══ The input ══

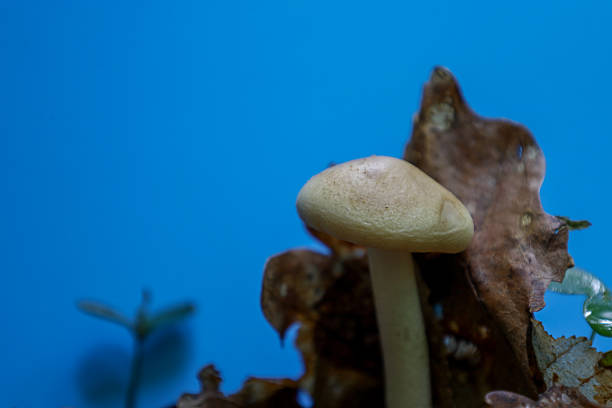 A single light-colored mushroom with a thin stem and a wide cap grows among dry leaves. A close-up shot against a bright blue sky or a solid background.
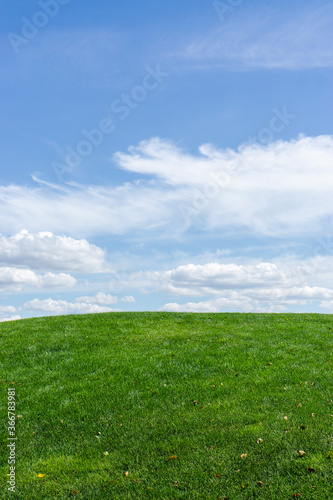 Landscape of green grass and blue sky. Captured at Mezhyhirya village  near Kiev city  Ukraine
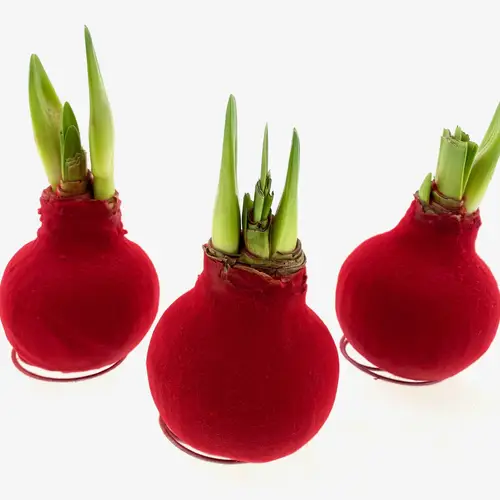 Amar.Bol Wachs Velvet Line rot rote Bl. 32cm H015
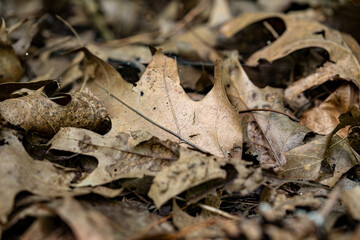 Dried yellow leaves in the forest close up, macro.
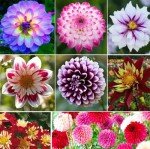 Rare Mix Dahlia Pompon Flower Seeds - 100+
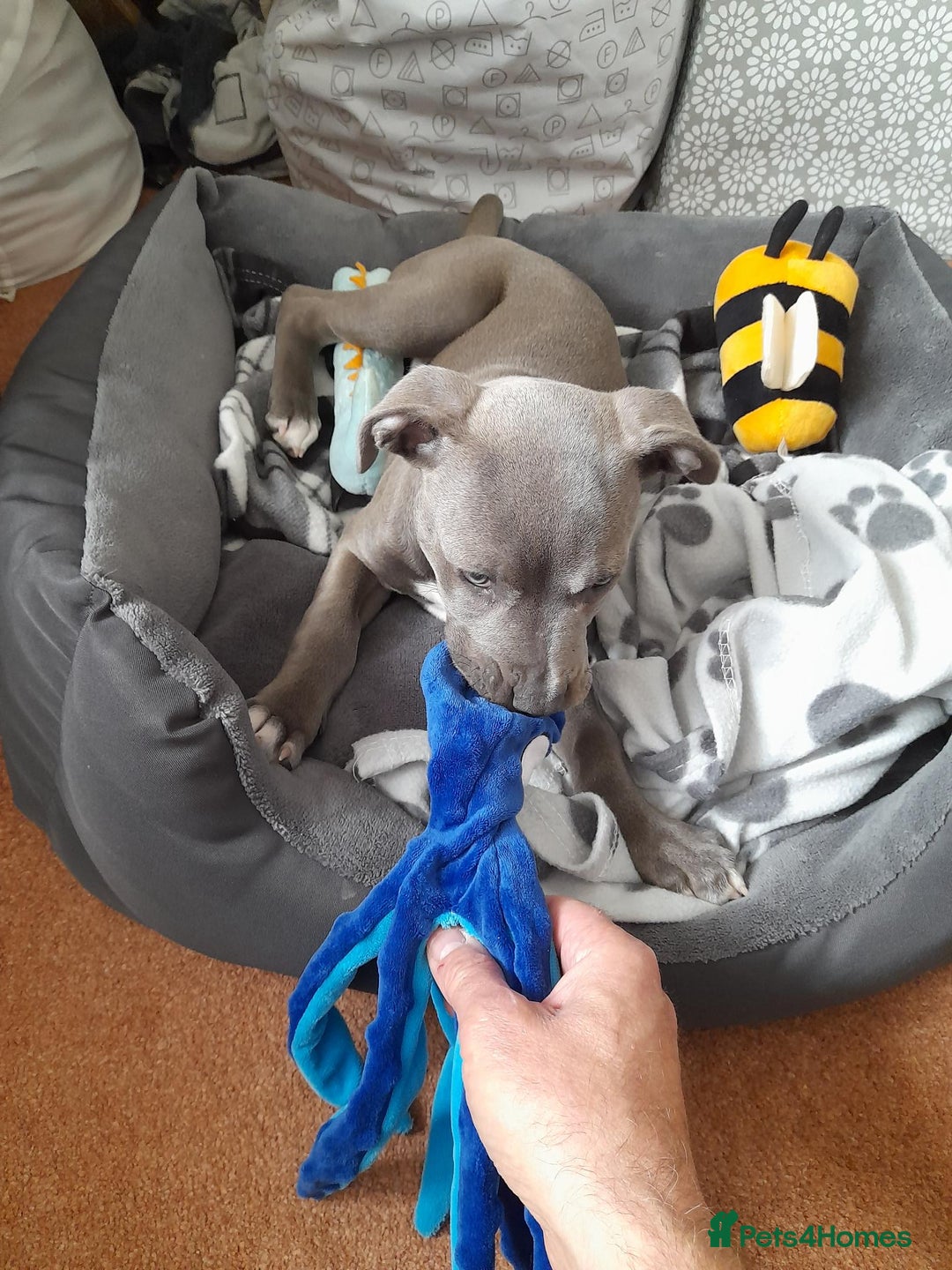 Mixed Breed dogs for sale: Blue Staffy Cross - Image 2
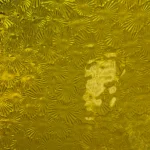 WISSMACH - CADMIUM YELLOW FLORENTINE
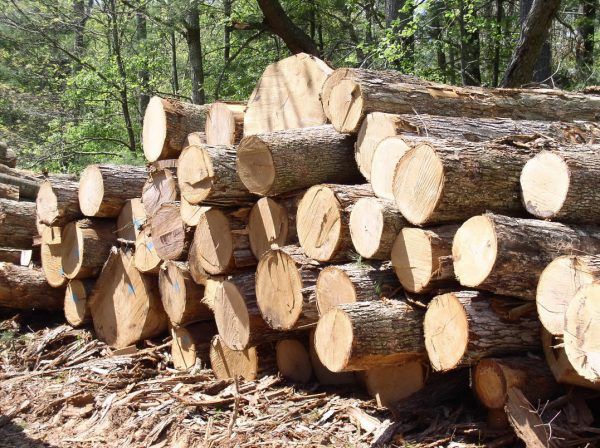 Мораторій на експорт лісу з України: ЄС розвіяв міфи та пояснив позицію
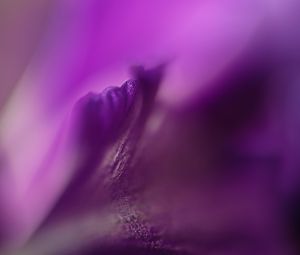 Preview wallpaper petals, flowers, purple, macro, blur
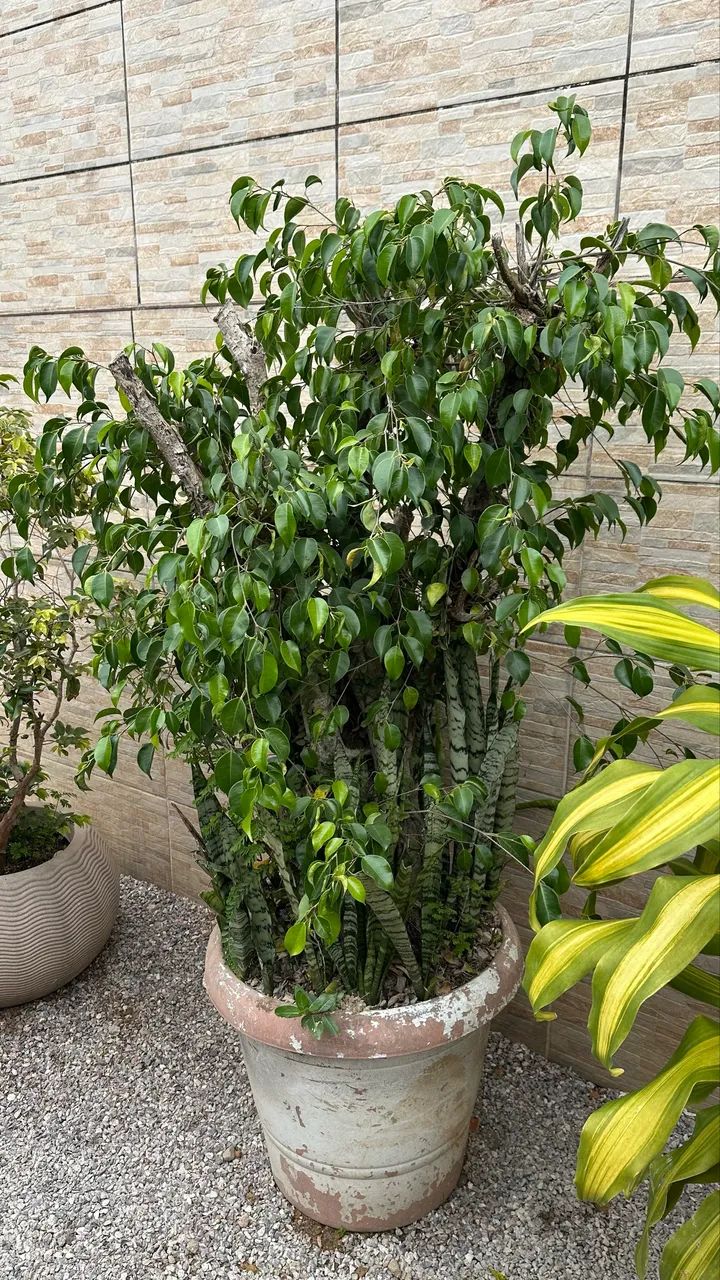 Planta grande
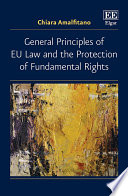 General principles of EU law and the protection of fundamental rights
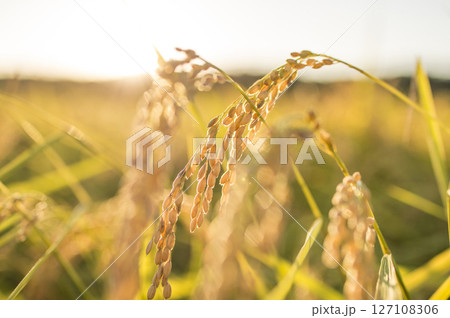 黄金色に実る収穫前の稲穂 黄金色に実る収穫前の稲穂 127108306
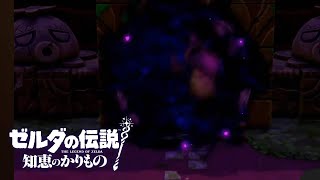 【ゼルダの伝説 知恵のかりもの】黒い塊を追いに森へ【ネタバレあり】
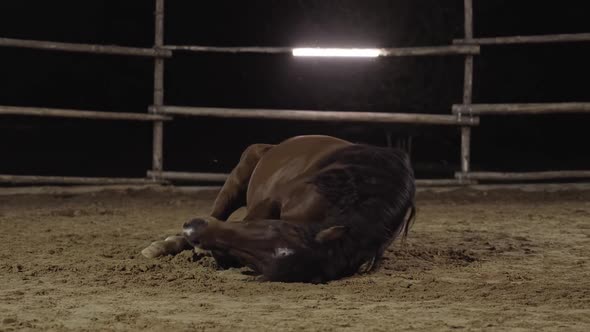 Brown Horse Rolling on Ground at Night Arena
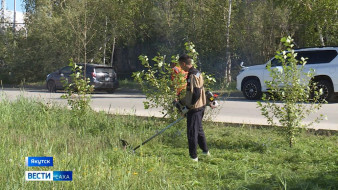 Во всех округах Якутска проходит сезонный скос травы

═══

Go through the records and repeat each one exactly, skipping anything that is a picture.

Task response:
 A single light-colored mushroom with a thin stem and a wide cap grows among dry leaves. A close-up shot against a bright blue sky or a solid background.
 Landscape of green grass and blue sky. Captured at Mezhyhirya village  near Kiev city  Ukraine
 Amar.Bol Wachs Velvet Line rot rote Bl. 32cm H015
 Dried yellow leaves in the forest close up, macro.
 Rare Mix Dahlia Pompon Flower Seeds - 100+
 Mixed Breed dogs for sale: Blue Staffy Cross - Image 2
 WISSMACH - CADMIUM YELLOW FLORENTINE
 Мораторій на експорт лісу з України: ЄС розвіяв міфи та пояснив позицію
 Preview wallpaper petals, flowers, purple, macro, blur
 Planta grande
 General principles of EU law and the protection of fundamental rights
 黄金色に実る収穫前の稲穂 黄金色に実る収穫前の稲穂 127108306
 【ゼルダの伝説 知恵のかりもの】黒い塊を追いに森へ【ネタバレあり】
 Brown Horse Rolling on Ground at Night Arena
 Во всех округах Якутска проходит сезонный скос травы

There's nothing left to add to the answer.